In particolare, il Tribunale della libertà del capoluogo ha escluso la sussistenza della gravità indiziaria sia in ordine all’episodio che il 9 aprile 2018 ha determinato la morte di Matteo Vinci e il grave ferimento del padre, Francesco, e sia in ordine al tentativo di estorsione commesso in danno dei Vinci, ad opera dei Di Grillo-Mancuso, teso a ottenere la cessione di alcuni terreni agricoli. Accolte, in tal senso, le argomentazioni sostenute dai difensori della Di Grillo, gli avvocati Giovanni Vecchio, del Foro di Vibo Valentia, e Fabrizio Costarella, del Foro di Catanzaro.
Proprio la mancata cessione di un piccolo appezzamento di terreno, secondo gli inquirenti, sarebbe stata la motivazione che aveva spinto gli indagati – inquadrati nel clan Mancuso, ragion per cui viene contestata l’aggravante mafiosa – a compiere il gravissimo attentato dinamitardo.
Lucia Di Grillo, unitamente al padre Domenico Di Grillo, alla madre Rosaria Mancuso ed al marito Vito Barbara, era stata raggiunta da un’ordinanza di custodia cautelare in carcere il 18 luglio 2018. La stessa, tuttavia, si trova agli arresti domiciliari dal febbraio scorso dopo che lo stesso Tribunale del Riesame aveva degradato la misura originariamente disposta.

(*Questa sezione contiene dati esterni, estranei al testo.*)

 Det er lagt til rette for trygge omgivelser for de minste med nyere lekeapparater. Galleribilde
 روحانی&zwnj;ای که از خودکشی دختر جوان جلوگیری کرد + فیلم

Il particolare, la sostituzione della misura era avvenuta a seguito dell’accoglimento del ricorso, presentato dall’avvocato Giovanni Vecchio, avverso il primo provvedimento del Tribunale catanzarese che aveva integralmente confermato l’ordinanza custodiale.
La decisione del Tribunale del Riesame ora intervenuta mette una parola definitiva sulla vicenda cautelare che interessa Lucia Di Grillo, rispetto alla quale risulta cristallizzato un giudizio che ne esclude la responsabilità in ordine ai gravissimi reati che le vengono contestati. Lucia Di Grillo, pertanto, si trova attualmente ristretta agli arresti domiciliari per alcune condotte più lievi (reati in materia di armi e ricettazione). Gli altri indagati raggiunti dall’ordinanza cautelare, invece, sono tuttora detenuti in carcere.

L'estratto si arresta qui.